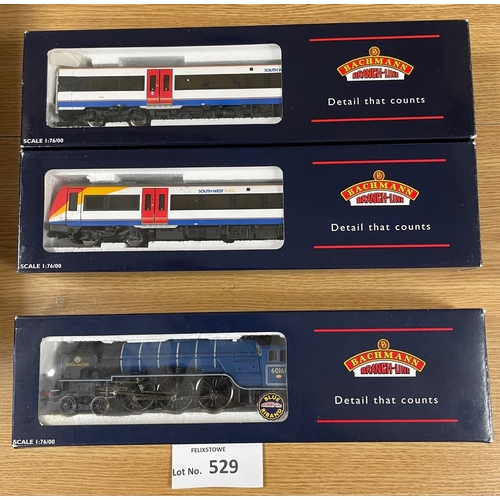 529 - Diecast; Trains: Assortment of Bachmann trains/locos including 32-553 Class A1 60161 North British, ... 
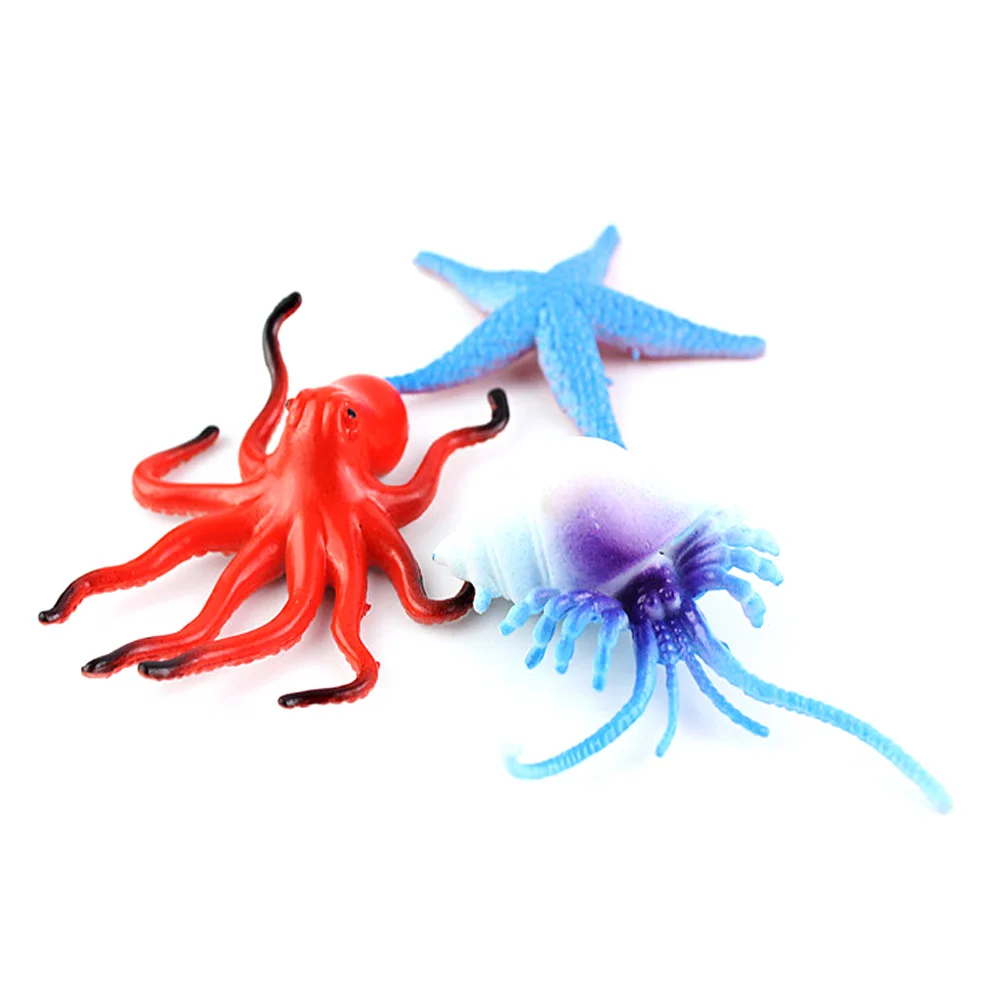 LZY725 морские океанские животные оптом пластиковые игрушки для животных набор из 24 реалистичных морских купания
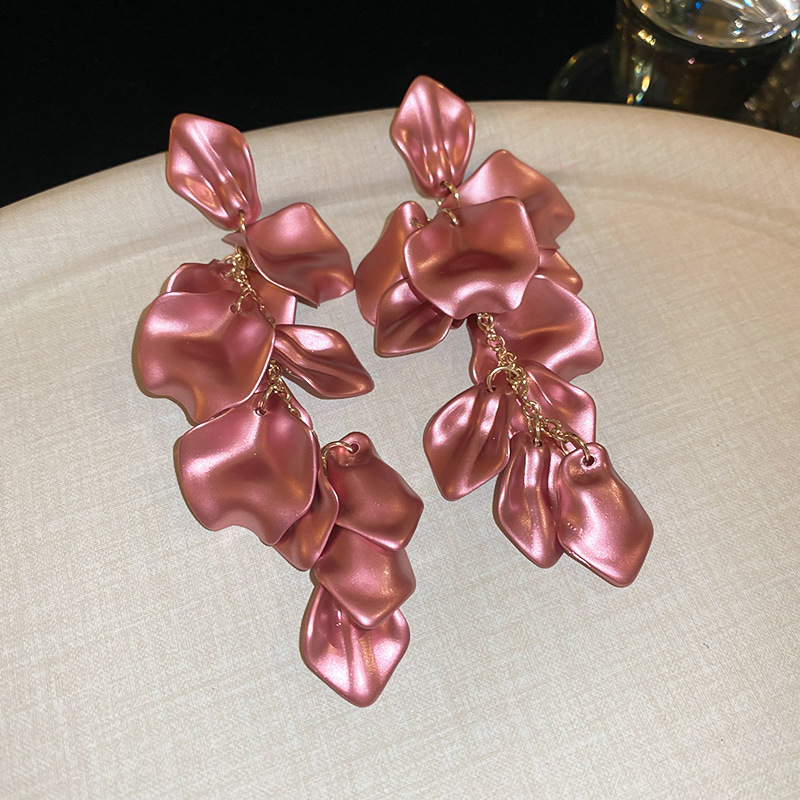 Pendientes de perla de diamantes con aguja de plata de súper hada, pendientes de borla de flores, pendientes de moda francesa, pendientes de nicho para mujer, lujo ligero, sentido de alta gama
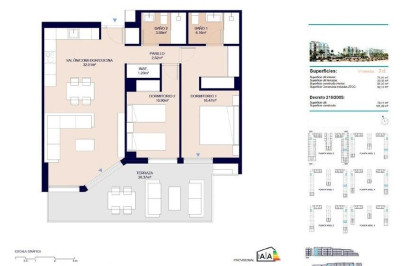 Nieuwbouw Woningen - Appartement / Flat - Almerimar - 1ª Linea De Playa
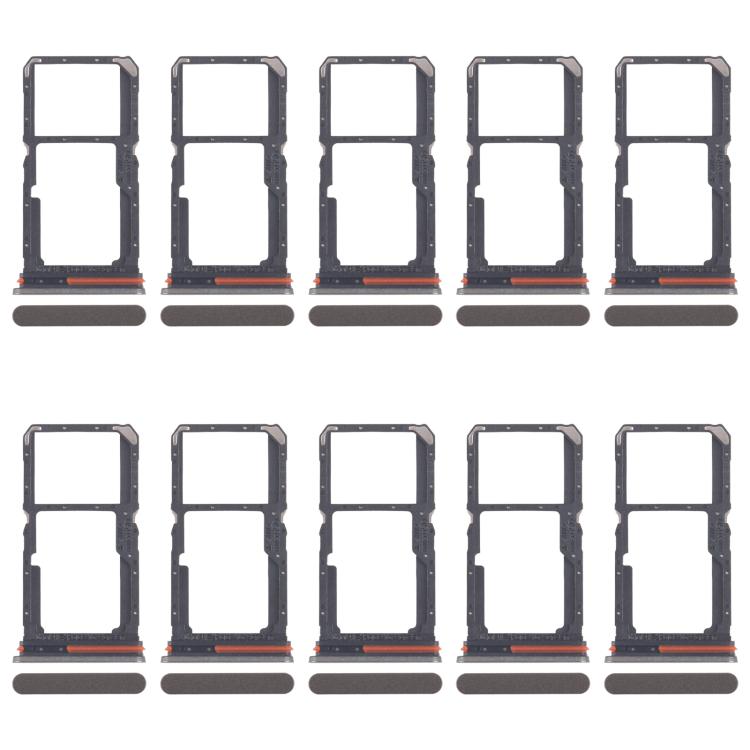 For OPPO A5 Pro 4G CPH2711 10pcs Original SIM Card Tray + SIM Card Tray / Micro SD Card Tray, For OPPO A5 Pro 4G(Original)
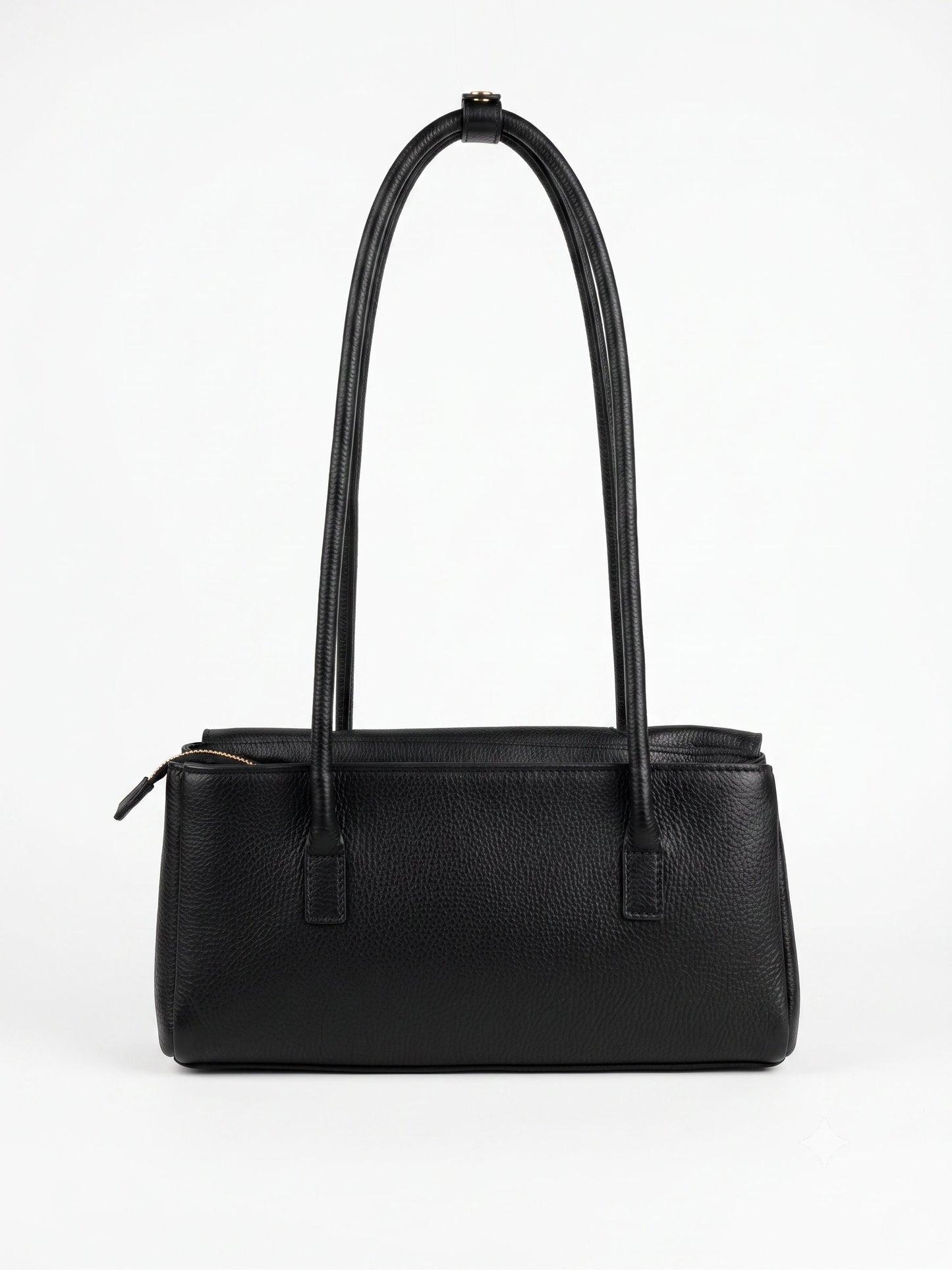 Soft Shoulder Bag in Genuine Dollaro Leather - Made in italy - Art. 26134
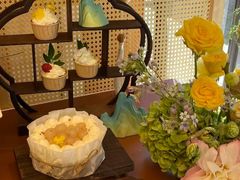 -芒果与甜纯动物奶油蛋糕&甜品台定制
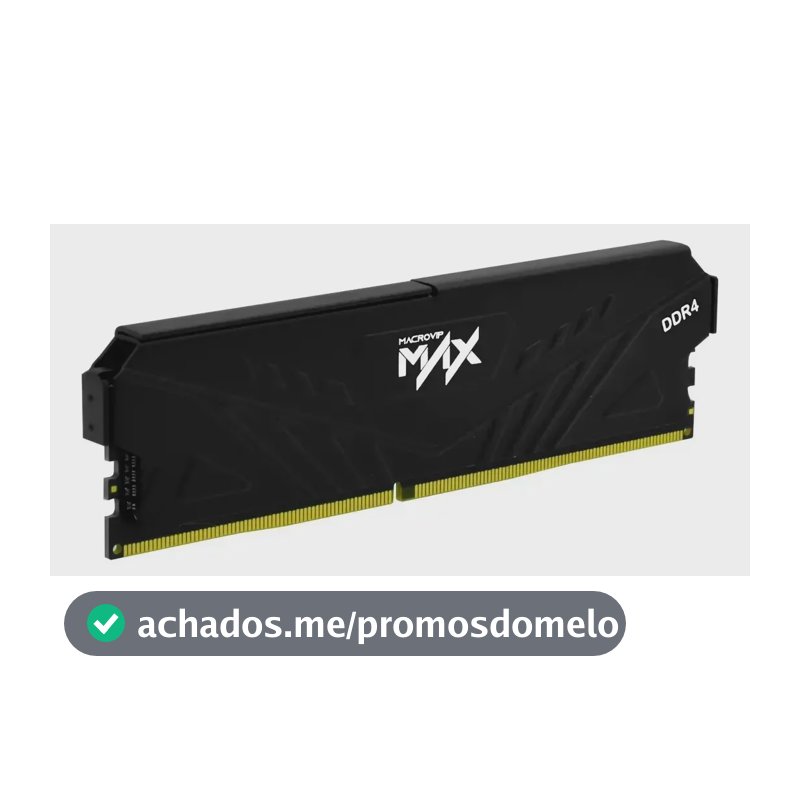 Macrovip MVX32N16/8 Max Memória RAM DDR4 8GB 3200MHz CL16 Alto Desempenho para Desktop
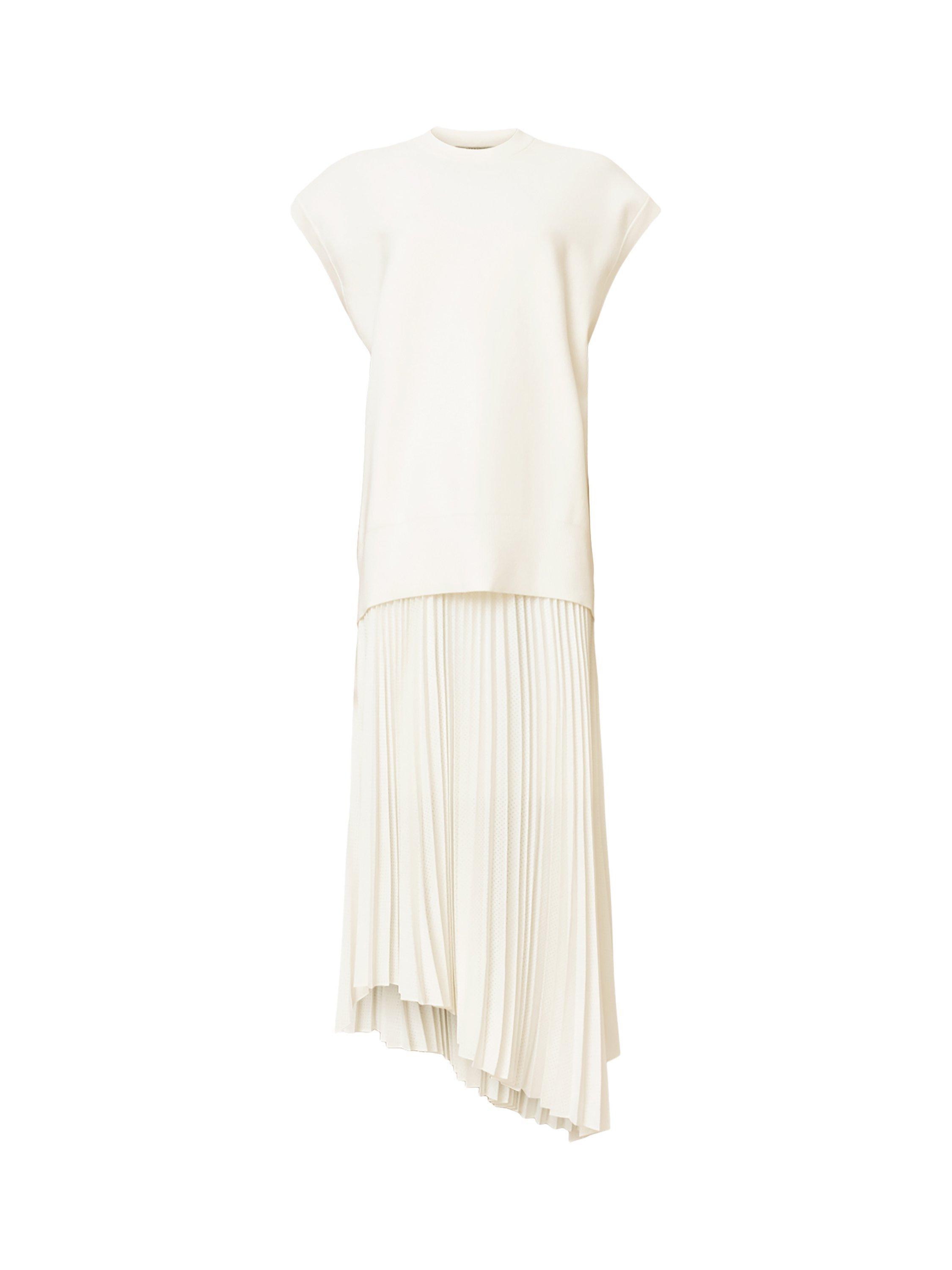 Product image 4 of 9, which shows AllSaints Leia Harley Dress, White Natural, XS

Work order: After dropping the pictures, reproduce exactly the lines from the first line of the entries through the line containing "Macrovip MVX32N16/8 Max", both included.

Response:
 529 - Diecast; Trains: Assortment of Bachmann trains/locos including 32-553 Class A1 60161 North British, ... 
 LZY725 морские океанские животные оптом пластиковые игрушки для животных набор из 24 реалистичных морских купания
 Pendientes de perla de diamantes con aguja de plata de súper hada, pendientes de borla de flores, pendientes de moda francesa, pendientes de nicho para mujer, lujo ligero, sentido de alta gama
 Nieuwbouw Woningen - Appartement / Flat - Almerimar - 1ª Linea De Playa
 For OPPO A5 Pro 4G CPH2711 10pcs Original SIM Card Tray + SIM Card Tray / Micro SD Card Tray, For OPPO A5 Pro 4G(Original)
 Soft Shoulder Bag in Genuine Dollaro Leather - Made in italy - Art. 26134
 -芒果与甜纯动物奶油蛋糕&甜品台定制
 Macrovip MVX32N16/8 Max Memória RAM DDR4 8GB 3200MHz CL16 Alto Desempenho para Desktop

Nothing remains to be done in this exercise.